Thanks for your contribution, but this PR seems to have a conflict with bitsandbytes-intel. We might need to further discuss to determine the priority.

Devjiu · 2025-05-15T11:23:15Z

Thanks for your contribution, but this PR seems to have a conflict with bitsandbytes-intel. We might need to further discuss to determine the priority.

Roughly speaking, this is not a conflict. It is a different implementation that can be used depending on the availability of ipex.

Egor-Krivov · 2025-05-15T11:42:04Z

Thanks for your contribution, but this PR seems to have a conflict with bitsandbytes-intel. We might need to further discuss to determine the priority.

Could you clarify the nature of the conflict? This PR provides 4bit implementation for users that just install bitsandbytes without any additional plugins or libraries like IPEX or bitsandbytes-intel. For example, by installing PEFT, that will only install bitsandbytes.

Given current implementation if the user additionally installs bitsandbytes-intel it should just replace kernels defined in the main repo.

jiqing-feng · 2025-05-16T01:31:16Z

When @matthewdouglas says we'd like to enable on CPU without IPex path, that's because non-Intel CPUs do not support IPex. But for XPU, it's an Intel-specific device, so they all support IPex. We'd better install IPex on XPU by default so we can get a significant speed-up.

More specifically, not all ops in XPU have ipex optimization. I can see most of ops in this PR are duplicated with my PR (As they were the same as CPU implementation, I was thinking could we just move these ops to the default op?). So the design is a little confusing to me. Should we keep both repo to implement XPU ops?

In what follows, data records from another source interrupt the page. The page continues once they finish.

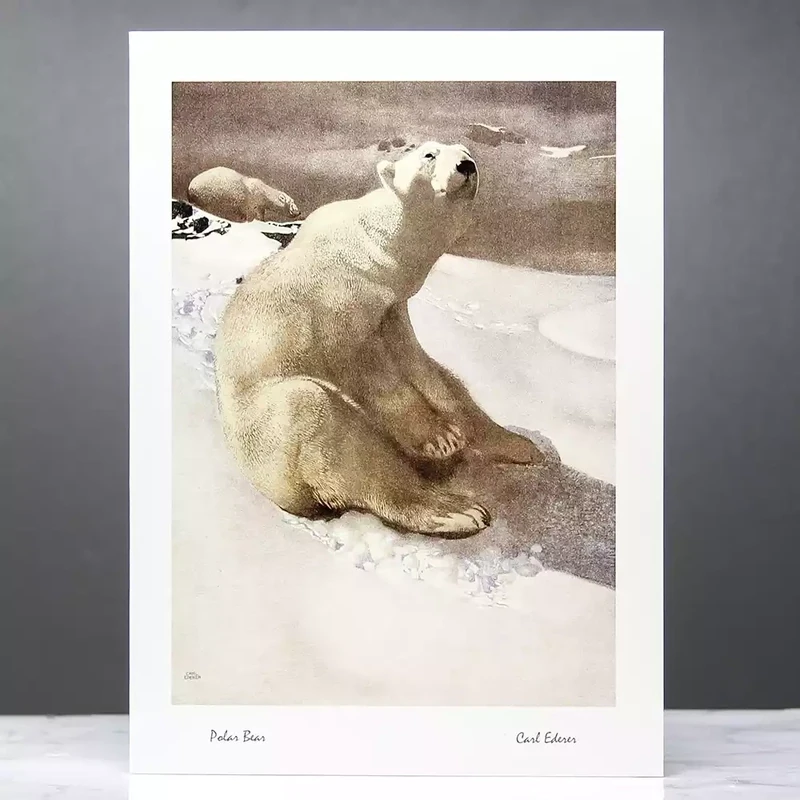 Polar Bear Card by Carl Ederer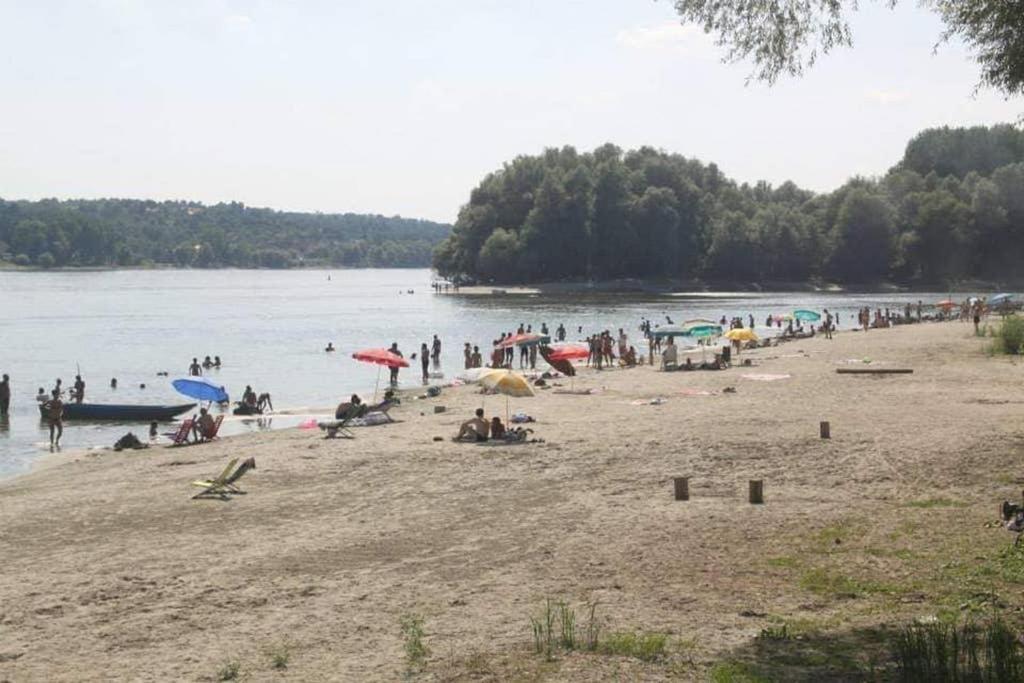 Villa Danube Fairy Futog Esterno foto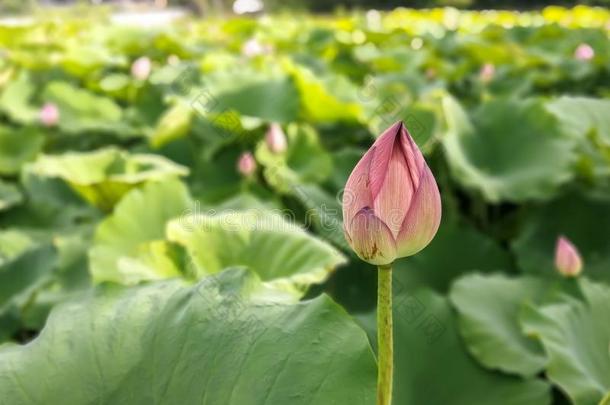 ThaiAirwaysInternational泰航国际农场主种植莲花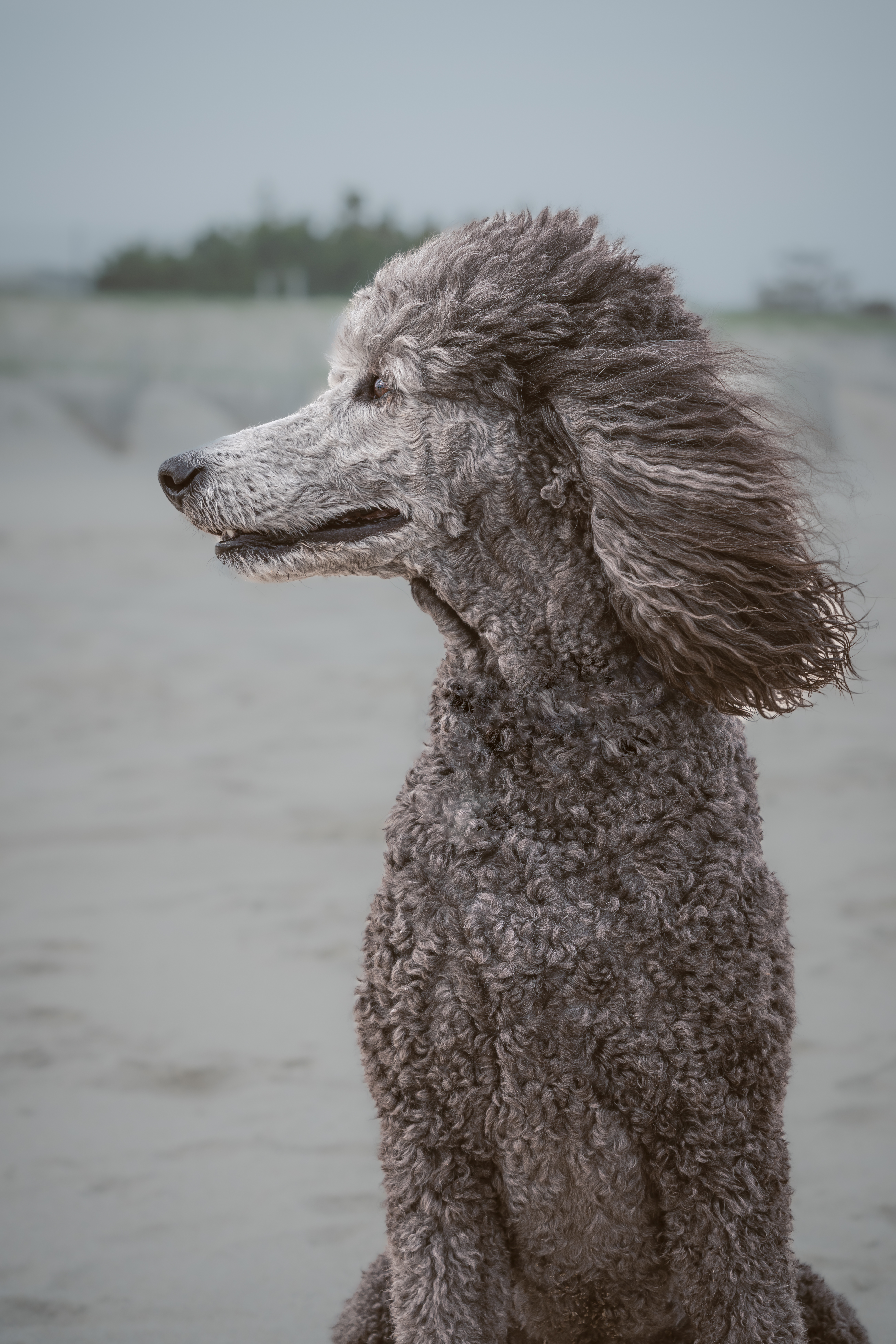 Cobbs_RKI0890-Edit.jpg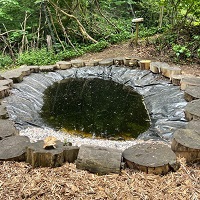 Photo of a pond
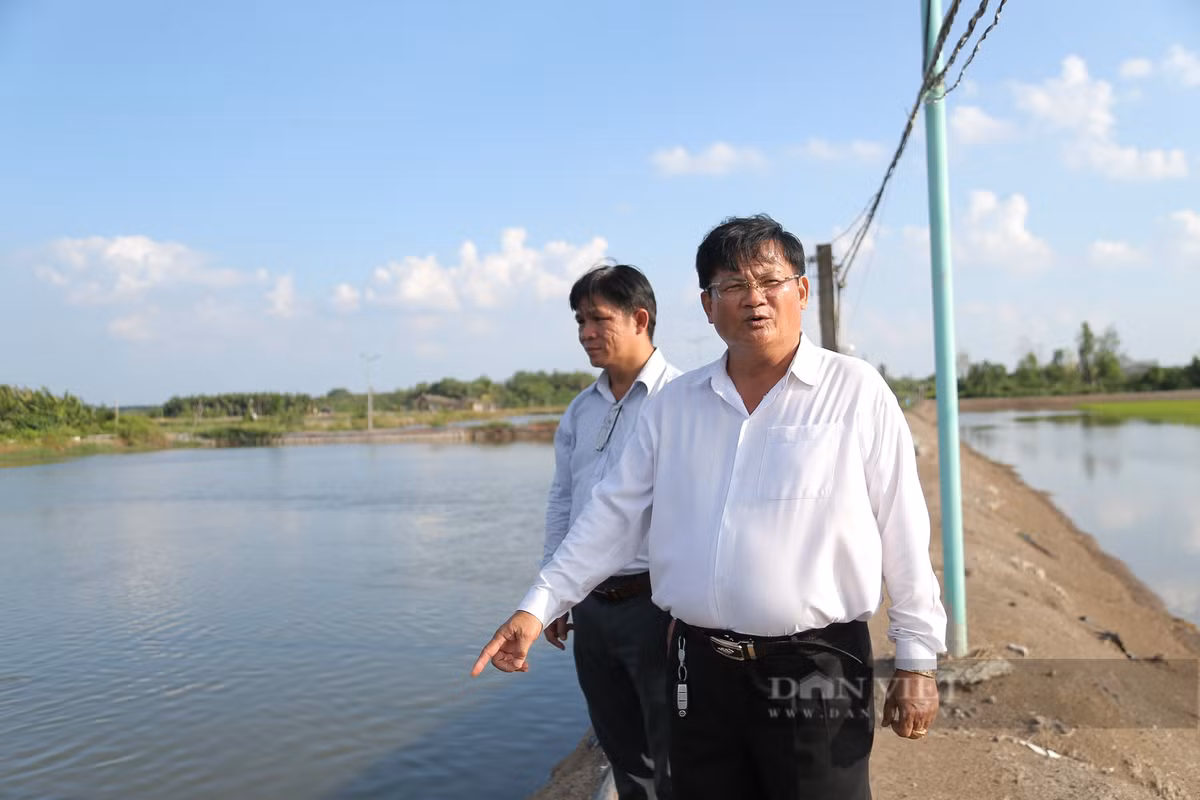 Từ nuôi tôm đến cá dứa, nông dân Cần Giờ thành “đại gia” nức tiếng Tu nuoi tom den ca dua, nong dan Can Gio thanh “dai gia” nuc tieng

Anyway, the example of PEFT is a good point. Let's sync it offline. Would like to hear your opinion. :)

yao-matrix · 2025-05-16T03:14:37Z

since triton is platform agnostic, is it possible we try to upstream your ops to bitsandbytes/triton folder?

Devjiu · 2025-05-16T08:54:38Z

since triton is platform agnostic, is it possible we try to upstream your ops to bitsandbytes/triton folder?

@matthewdouglas Please take a look.
@yao-matrix For my approach I get approval to use Triton for XPU, but maybe we can share the code base. But as you know, in Triton different HW requires slightly different cores to be efficient, so ultimately it is not completely platform agnostic

github-actions · 2025-05-16T18:06:23Z

The docs for this PR live here. All of your documentation changes will be reflected on that endpoint. The docs are available until 30 days after the last update.

Devjiu · 2025-05-22T17:09:18Z

Local test run on PVC:

BNB_TEST_DEVICE="xpu"  pytest -rf --ignore test_optim.py --ignore test_triton.py --ignore test_cuda_setup_evaluator.py
2196 passed, 1555 skipped, 178 deselected, 33 xfailed, 189 warnings in 357.17s (0:05:57)

yao-matrix · 2025-05-22T22:52:22Z

@matthewdouglas, could you pls take a look on it? The background is: we'd like contribute triton ops to bnb and make XPU support bnb triton backend. Thx very much.

matthewdouglas · 2025-05-26T18:01:04Z

bitsandbytes/__init__.py

+if torch.xpu.is_available():
+    from .backends.xpu import ops as xpu_ops
+


Since we're still supporting torch 2.2 for the moment, we'll want to guard this since torch.xpu didn't exist until 2.3.0.

Added as torch.__veersion__ check >= (2, 3)

matthewdouglas · 2025-05-26T18:04:18Z

bitsandbytes/backends/triton/ops.py

+    # Check if this is fine and fast
+    if A.dtype != torch.uint8:
+        A = A.squeeze().view(torch.uint8).unsqueeze(1)


TBH this was meant to support FSDP1; I'm not sure it's necessary to try to support other storage dtypes for FSDP2, or if it's worth considering at all. @Titus-von-Koeller may have more thought on that.

I added this just to be able to pass tests. If there should be something more complex or better to skip if the type is not uint8 storage, let me know. I'm not sure about this approach with type casting.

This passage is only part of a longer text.